Neden böyle bir hamle yaptı? “Bize gel, katıl” demek istiyor biraz aslında. Konuşmasından çıkar­dığım mana o.

İstifa edenler oluyor. “Burası mer­kez parti olmaktan çıktı” diyorlar. Ne düşünüyorsunuz?

Hepsiyle görüşüyo­rum. İstifa edip giden arkadaşlar geri döne­cek. Diyalog halinde­yiz. Belki aynı takım içinde beraber mü­cadele edeceğiz. Yeni katılımlarla partinin tabanını güçlendireceğiz.

O şarkı Akşener’e ve İYİ Partililere sitem

MHP’nin‘x’ hesa­bında önceki gün çok tartışma yaratan bir klip yayınlandı.

Bahçeli, eşofmanıy­la yürüyüş yaparken görülüyor.

Fonda MHP liderinin çok sevdiği Ferdi Tay­fur’un sitemkar bir şar­kısı çalıyor.

Şarkının sözleri ma­nidar:

“Hep köle misali zincire vurdun

Ben sana dost oldum sen düşman oldun

Sen beni kendine göre mi buldun

Hainsin diyorsam söyleten sensin

Sana söylediğim sözlere kızma

Sitem ediyorsam ettiren sensin

Senden çektiklerim yetti canıma

Zalimsin diyorsam söyleten sensin.”

Bu paylaşımdan son­ra herkes Bahçeli’nin göndermesinin kime olduğunu sordu. Çoğu yorumcu Erdoğan’a sitem ettiğini düşündü.

Bu sorunun peşine düştüm.

Görüştüğüm MHP’li bir yetkili “Esasında oradaki sitem Meral Akşener’e ve bizden gi­denlere. Sözlere dikkat edin. Onlara söyleni­yor” dedi.

Bunun gerekçesini sordum.

“Çünkü kongreleri yaklaştı” dedi ve ekledi:

“Genel başkanımız bizden ayrıldılar diye bunlar parçalansın ve partiler çöplüğüne gitsinler diye hırsla bak­mıyor. Bunlar parçalan­maya doğru gidiyor. Bir kısmı CHP’ye gidecek. Ki, başlamış. Bir kısmı AK Parti’ye gidecek. Bir kısmı bize gelme­ye çalışacak. Bunun demokrasiye katkısı ne olur?”

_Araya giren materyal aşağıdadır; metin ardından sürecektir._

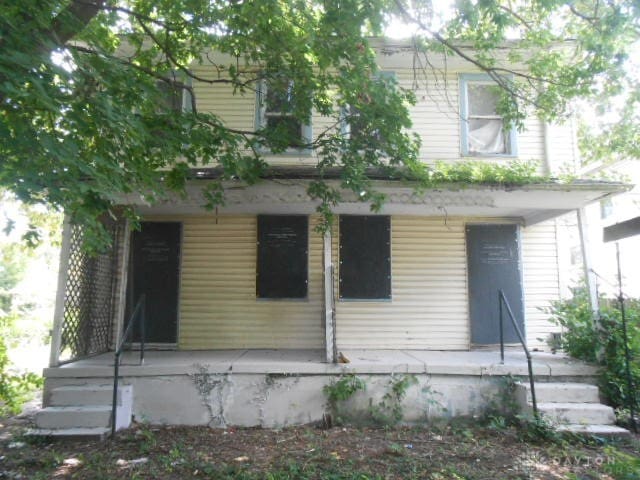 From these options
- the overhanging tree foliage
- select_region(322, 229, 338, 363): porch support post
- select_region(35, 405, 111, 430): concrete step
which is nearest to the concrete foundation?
select_region(322, 229, 338, 363): porch support post

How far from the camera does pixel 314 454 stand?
4.97 meters

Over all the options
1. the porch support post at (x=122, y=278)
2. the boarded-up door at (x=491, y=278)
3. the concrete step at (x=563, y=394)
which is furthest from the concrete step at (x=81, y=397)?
the boarded-up door at (x=491, y=278)

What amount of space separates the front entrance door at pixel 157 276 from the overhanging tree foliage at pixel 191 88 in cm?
209

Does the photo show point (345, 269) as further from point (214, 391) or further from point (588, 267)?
point (588, 267)

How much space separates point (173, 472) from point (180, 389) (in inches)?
63.3

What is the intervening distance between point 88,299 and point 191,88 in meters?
3.64

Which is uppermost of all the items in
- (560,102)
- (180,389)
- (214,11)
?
(214,11)

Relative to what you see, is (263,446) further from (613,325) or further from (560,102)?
(560,102)

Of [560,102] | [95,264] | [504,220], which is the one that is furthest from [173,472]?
[560,102]

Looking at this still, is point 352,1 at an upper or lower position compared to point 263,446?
upper

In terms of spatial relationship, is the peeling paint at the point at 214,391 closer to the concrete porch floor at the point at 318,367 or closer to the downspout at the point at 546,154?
the concrete porch floor at the point at 318,367

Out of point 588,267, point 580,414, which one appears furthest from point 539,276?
point 580,414

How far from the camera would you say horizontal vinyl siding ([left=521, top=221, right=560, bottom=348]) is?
7934mm

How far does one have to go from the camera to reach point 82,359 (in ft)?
22.2
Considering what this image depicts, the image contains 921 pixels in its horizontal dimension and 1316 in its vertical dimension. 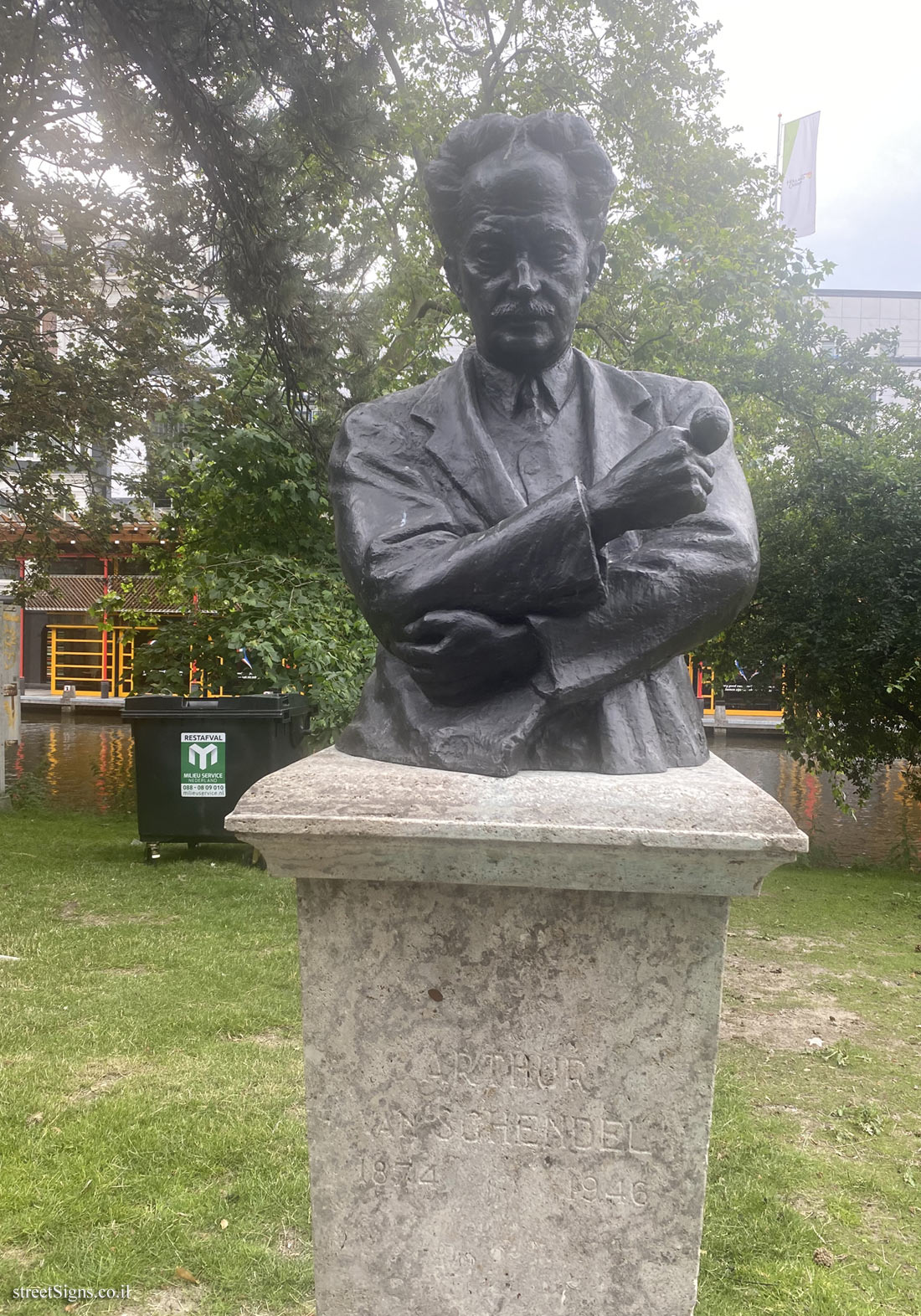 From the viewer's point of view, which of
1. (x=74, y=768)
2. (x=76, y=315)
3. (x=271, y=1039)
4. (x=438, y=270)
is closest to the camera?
(x=271, y=1039)

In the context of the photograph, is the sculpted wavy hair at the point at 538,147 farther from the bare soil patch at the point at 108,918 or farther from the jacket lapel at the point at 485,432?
the bare soil patch at the point at 108,918

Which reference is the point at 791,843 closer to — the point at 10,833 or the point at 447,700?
the point at 447,700

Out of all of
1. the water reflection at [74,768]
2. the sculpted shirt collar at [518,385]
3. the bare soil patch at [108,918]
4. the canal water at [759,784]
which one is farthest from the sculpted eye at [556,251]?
the water reflection at [74,768]

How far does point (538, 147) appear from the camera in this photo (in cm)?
218

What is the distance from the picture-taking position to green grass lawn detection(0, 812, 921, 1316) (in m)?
2.67

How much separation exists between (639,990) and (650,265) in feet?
25.5

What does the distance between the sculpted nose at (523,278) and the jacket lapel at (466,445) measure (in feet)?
0.95

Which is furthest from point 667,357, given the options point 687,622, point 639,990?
point 639,990

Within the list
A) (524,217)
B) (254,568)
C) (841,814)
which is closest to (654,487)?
(524,217)

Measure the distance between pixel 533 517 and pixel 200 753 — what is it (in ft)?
17.5

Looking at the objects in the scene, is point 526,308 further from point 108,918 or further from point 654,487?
point 108,918

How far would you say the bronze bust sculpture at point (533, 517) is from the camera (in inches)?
76.2

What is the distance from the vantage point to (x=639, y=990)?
6.28ft

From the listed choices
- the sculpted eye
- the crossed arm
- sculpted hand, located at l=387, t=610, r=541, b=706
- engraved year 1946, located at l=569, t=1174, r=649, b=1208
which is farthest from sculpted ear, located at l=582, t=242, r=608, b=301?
engraved year 1946, located at l=569, t=1174, r=649, b=1208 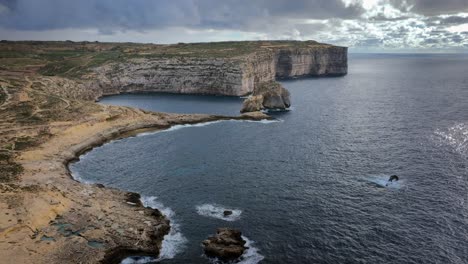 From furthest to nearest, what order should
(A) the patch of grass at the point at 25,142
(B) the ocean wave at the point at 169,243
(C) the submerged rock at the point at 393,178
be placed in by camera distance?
1. (A) the patch of grass at the point at 25,142
2. (C) the submerged rock at the point at 393,178
3. (B) the ocean wave at the point at 169,243

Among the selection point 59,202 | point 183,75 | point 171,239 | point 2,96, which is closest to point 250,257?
point 171,239

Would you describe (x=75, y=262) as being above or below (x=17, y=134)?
below

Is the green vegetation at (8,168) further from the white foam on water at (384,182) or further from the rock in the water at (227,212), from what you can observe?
the white foam on water at (384,182)

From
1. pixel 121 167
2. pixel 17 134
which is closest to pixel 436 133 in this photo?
pixel 121 167

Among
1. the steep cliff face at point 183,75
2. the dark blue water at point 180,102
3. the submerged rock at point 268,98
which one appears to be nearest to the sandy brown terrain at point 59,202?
the dark blue water at point 180,102

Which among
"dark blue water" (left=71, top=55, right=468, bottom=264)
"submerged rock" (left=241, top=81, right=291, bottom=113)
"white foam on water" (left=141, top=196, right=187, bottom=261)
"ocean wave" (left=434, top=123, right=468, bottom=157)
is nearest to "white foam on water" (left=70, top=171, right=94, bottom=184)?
"dark blue water" (left=71, top=55, right=468, bottom=264)

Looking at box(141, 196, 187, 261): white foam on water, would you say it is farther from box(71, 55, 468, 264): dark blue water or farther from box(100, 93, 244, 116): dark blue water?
box(100, 93, 244, 116): dark blue water

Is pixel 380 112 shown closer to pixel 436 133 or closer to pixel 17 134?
pixel 436 133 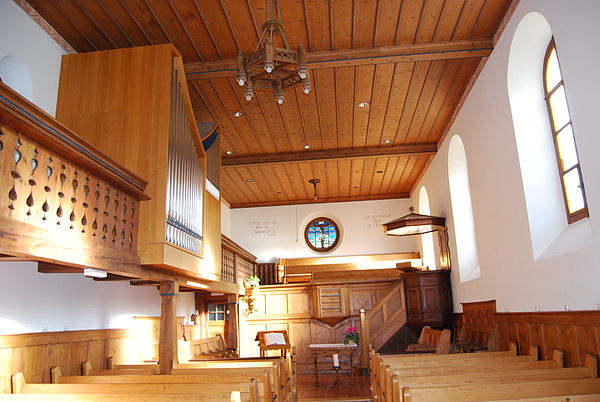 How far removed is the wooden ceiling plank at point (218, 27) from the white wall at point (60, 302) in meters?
3.90

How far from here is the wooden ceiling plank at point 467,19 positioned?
660 centimetres

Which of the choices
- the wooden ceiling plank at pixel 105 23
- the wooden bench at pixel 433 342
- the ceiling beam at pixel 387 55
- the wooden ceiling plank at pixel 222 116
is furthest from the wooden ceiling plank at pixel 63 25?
the wooden bench at pixel 433 342

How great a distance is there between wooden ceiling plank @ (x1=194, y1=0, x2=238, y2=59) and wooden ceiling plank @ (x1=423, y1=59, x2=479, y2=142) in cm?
378

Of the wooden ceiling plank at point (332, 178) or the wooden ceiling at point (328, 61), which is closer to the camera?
the wooden ceiling at point (328, 61)

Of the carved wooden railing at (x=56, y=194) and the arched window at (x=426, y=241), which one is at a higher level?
the arched window at (x=426, y=241)

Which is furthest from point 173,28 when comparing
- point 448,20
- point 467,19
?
point 467,19

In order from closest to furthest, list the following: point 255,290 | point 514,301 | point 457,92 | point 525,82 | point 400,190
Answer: point 525,82
point 514,301
point 457,92
point 255,290
point 400,190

Katılmak isteyenler olursa MHP’nin tavrı ne olur?

MHP’li yetkili şunları söylüyor:

“Üç aday yarışıyor. Kimse MHP’ye güve­nerek yarışa girmesin. Yarışı kaybettikten sonra küsüp nasıl olsa MHP’ye giderim, kapı­lar bana açık havasında olmasın.”

KURTULMUŞ’A TEPKI

Görüştüğüm bir diğer MHP’li yetkili ise Bah­çeli’nin TBMM’deki 23 Nisan resepsiyonu­na gitmeme nedenini, “Numan Kurtulmuş’a tepki” diye açıkladı.

MHP’liler AK Par­ti’de Kurtulmuş’un da içinde bulunduğu bir eğilimin MHP ile ittifa­ka mesafeli ve DEM’le yakınlaşmaya taraftar olduğunu düşünüyor. Ancak Bahçeli’nin, Erdoğan ve Özel arasındaki temasa itirazının olmadığını vurguluyorlar.